Retired neurosurgeon Ben Carson is cementing his newfound front-running status in the first-caucus state of Iowa.
A new Bloomberg Politics/Des Moines Register survey released Friday found Carson leading real-estate tycoon Donald Trump, 28% to 19%, among likely Republican caucus-goers in the Hawkeye State. Carson has surged 10 points since late August, according to the survey, while Trump has fallen 4 points.
Sen. Ted Cruz (R-Texas) was the only other Republican to place in double digits, garnering 10% of likely GOP caucus-goers. Sen. Marco Rubio (R-Florida) was in fourth at 9%, while Sen. Rand Paul (R-Kentucky) and former Florida Gov. Jeb Bush (R) tied for fifth at 5%.
J. Ann Selzer, president of Iowa-based Selzer & Co., which conducted the poll, ascribed Carson’s rise and Trump’s subsequent slump to evangelical Christians “coalescing” around Carson. One-third of self-described evangelical Christians in the poll chose Carson as their first choice, up from 21% in late August.
“His standing has improved in every way pollsters traditionally measure,” Selzer told Bloomberg. “This might be a wake-up for Donald Trump.”
It was the second straight day a poll out of Iowa found Trump surprisingly and suddenly out of the top spot in the Hawkeye State. Quinnipiac University found similar results in a poll released Thursday, as Carson led Trump 28% to 20%.

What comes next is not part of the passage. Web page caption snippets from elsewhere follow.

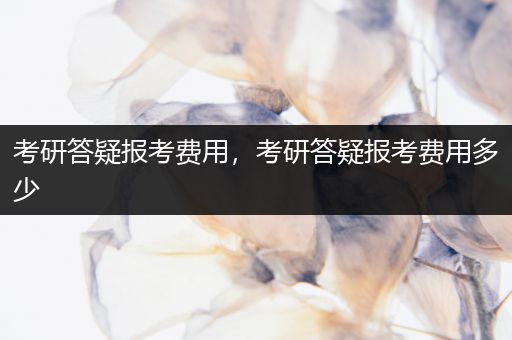 考研答疑报考费用，考研答疑报考费用多少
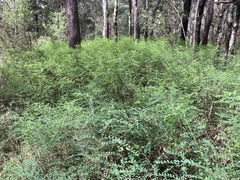 Phyllanthus gunnii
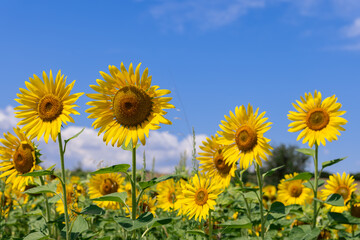 Rows of bright yellow sunflowers in a field under a summer blue sky (selective focus)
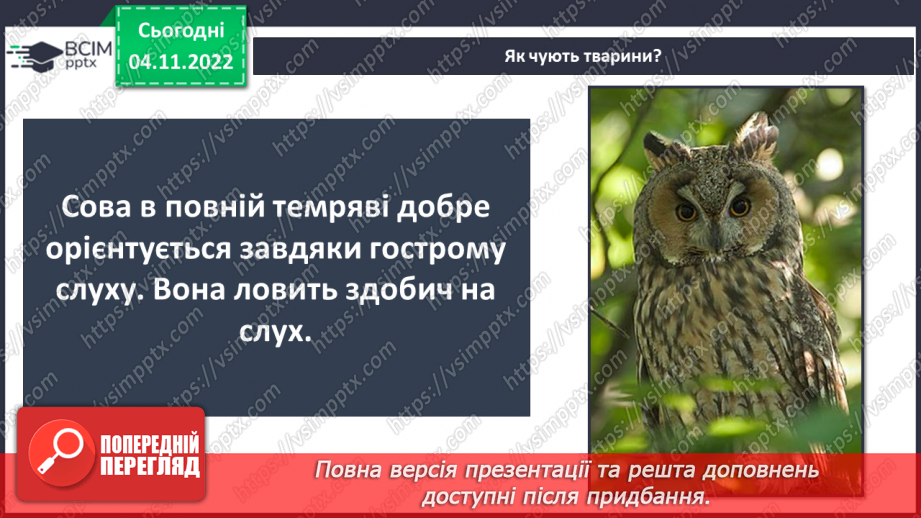 №23 - Чим важливі звукові явища у природі та житті людини. Виникнення звуку та його поширення на відстані.10 №23 - Чим важливі звукові явища у природі та житті людини. Виникнення звуку та його поширення на відстані.10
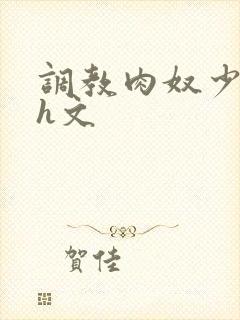 调教肉奴少司缘h文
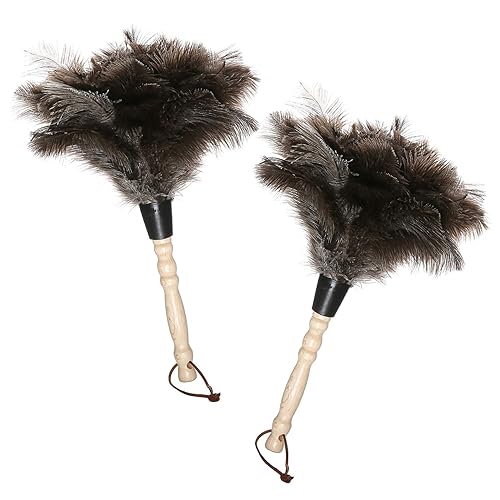 Midoneat Natural Gray Ostrich Feather Duster,2 Packs,Car Duster Interior/Exterior Cleaner, Cleaning for Blinds Kitchen Keyboard Office, Smart and Soft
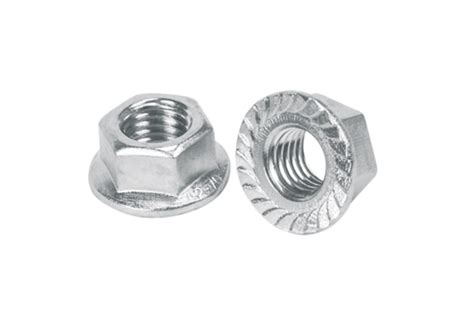 Hexagonal Stainless Steel Flange Nut Size M At Rs Piece In Vadodara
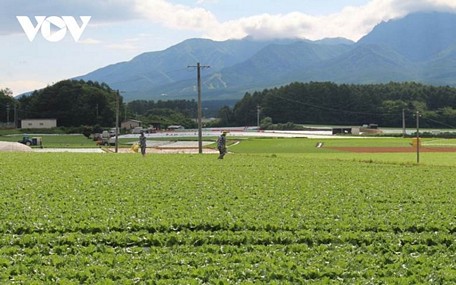  Cánh đồng nông nghiệp tại làng Kawakami, tỉnh Nagano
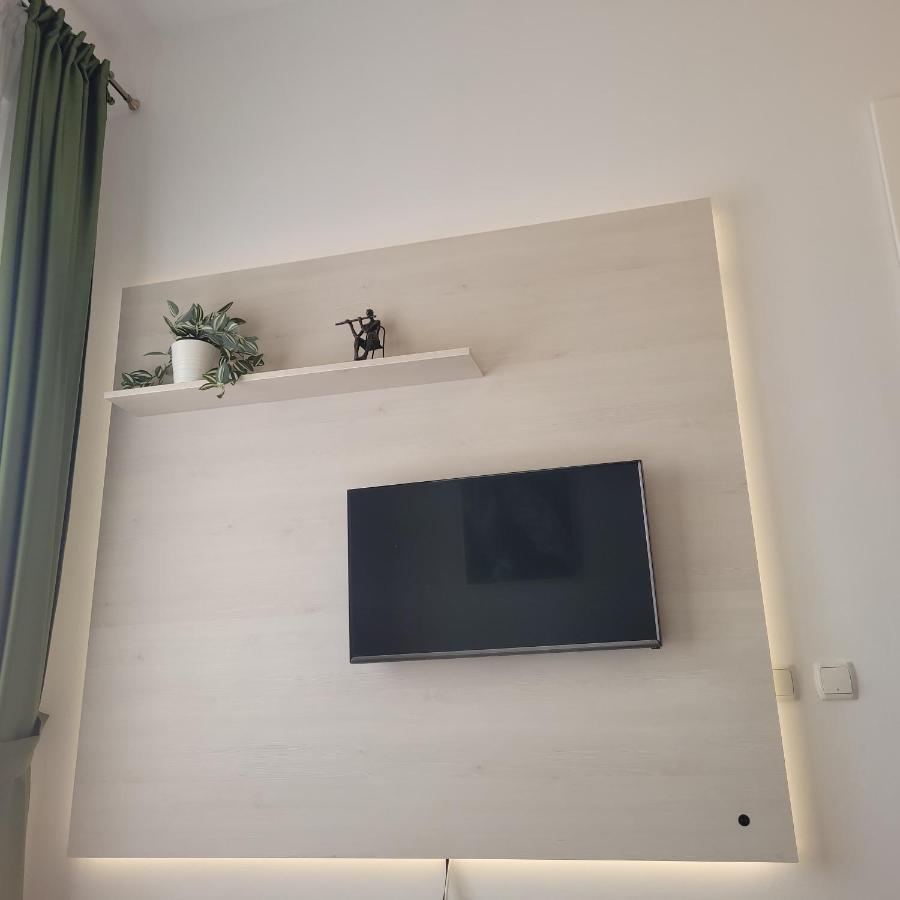 B8 - Spacious, Charming Apartment In Central Sibiu Extérieur photo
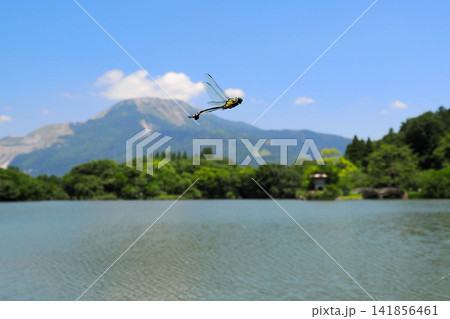 伊吹山をバックに飛翔するウチワヤンマ 141856461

The Bloomberg/Des Moines Register survey painted a picture of what has drawn Iowa voters to Carson. The fact that he has an “inspirational personal story” was “very attractive” to 54% of likely caucus-goers. And that he is “not a career politician” was described as “very attractive” to 48%.
Even some of Carson’s more controversial comments have seemingly gained him credibility with Iowa’s Republican voters. Significant pluralities said it was “very attractive” that Carson has “raised questions about whether a Muslim should ever be president,” has said the Affordable Care Act is “the worst thing since slavery,” and has said that “Hitler might not have been as successful if the people had been armed.”
Aside from the two Iowa surveys, Trump has led almost every national and state-based poll since he rose to the top of the GOP field this summer. He has continued to hold decisive leads in several other surveys out this week.
But Carson has been gaining since shortly after the first Republican presidential debate in August.
“It’s Ben Carson’s turn in the spotlight,” Quinnipiac pollster Peter Brown said in a statement on the Iowa results Thursday.
“As they have been pondering for six months, many in the political world still are trying to understand Carson’s appeal and how someone who seems to be operating outside the traditional news media/political environment is doing so well among the most conservative GOP voters.”